The project, however, is not over budget, he noted.

“The project is within budget, which totals about $4.5 million. When it was originally planned everything was to be contracted, but a number of bid elements came in too high so we elected to do those pieces with city crews,” he said. “The city crews are going to be slower because they get pulled to other efforts—such as floods, storm damage, dead trees, water main breaks, etc. If we had not used city crews we would not have been able to do near as much as we hoped.”

Brown believes the decisions on how the project is being done made the best sense in terms of financial cost to the city, its residents and its businesses. He said he also believes the city crews are doing a great job.

“Our city employees have done a fantastic job on a very complex project,” he said. “New water lines, new sanitary sewer, new storm sewer, sidewalks, curbing and paving” it all takes time to complete. “And it admittedly makes me angry when I hear unfounded criticism because someone is temporarily inconvenienced,” he added.

Kelly Henderson, Louisiana city manager, said the city was completely open with residents and businesses about what was to come.

“Because bids were higher than the engineers estimates, some of the project was pared down,” he said. “In regards to (how long the project is taking), I told the council before they voted to do the project, that once construction starts, Georgia Street will look like a third world country for three years. The waterline—which I consider the start of construction—was started in June of 2018.

“The Georgia Street Project has had its challenges,” said project engineer Michael Purol, with Poepping, Stone, Bach & Associates Inc. “This corridor has been a major thoroughfare for 200 years. This resulted in a wide array of infrastructure.”
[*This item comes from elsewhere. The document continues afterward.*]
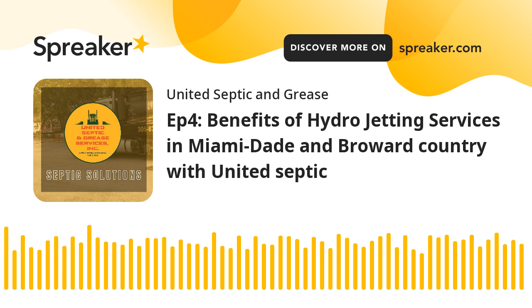Benefit 4 — Eliminating Foreign Objects: From debris to foreign objects that accidentally find their way into your sewer lines, hydrojetting is capable of flushing them out. This proactive measure prevents unexpected and inconvenient blockages.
He noted that, “Construction first started with utility relocations. This included AT&T consolidating six utility lines to a single location reducing their footprint from nearly 20 feet wide to 6 feet wide. While this was under construction, the city received bids for the first section of the project, 7th – 23rd streets on April 25, 2019. The bidding environment during this time was difficult, as many of the regions construction crews were working on flood fighting activities. To make matters worse, Hwy. 79 was closed north and south of Louisiana, and Highway 54 along with the Champ Clark Bridge was closed because of flooding in Illinois. This left 54 from Bowling Green as the only highway access to Louisiana.”

Because the first round of bids came in too high, he noted “it was decided to reject all those bids and re-bid the project in smaller packages to allow smaller contractors and crews to bid on the project. The decision was also made that the city would install the water main using city employees. Although this impacted the schedule, it allowed the project to stay on budget.”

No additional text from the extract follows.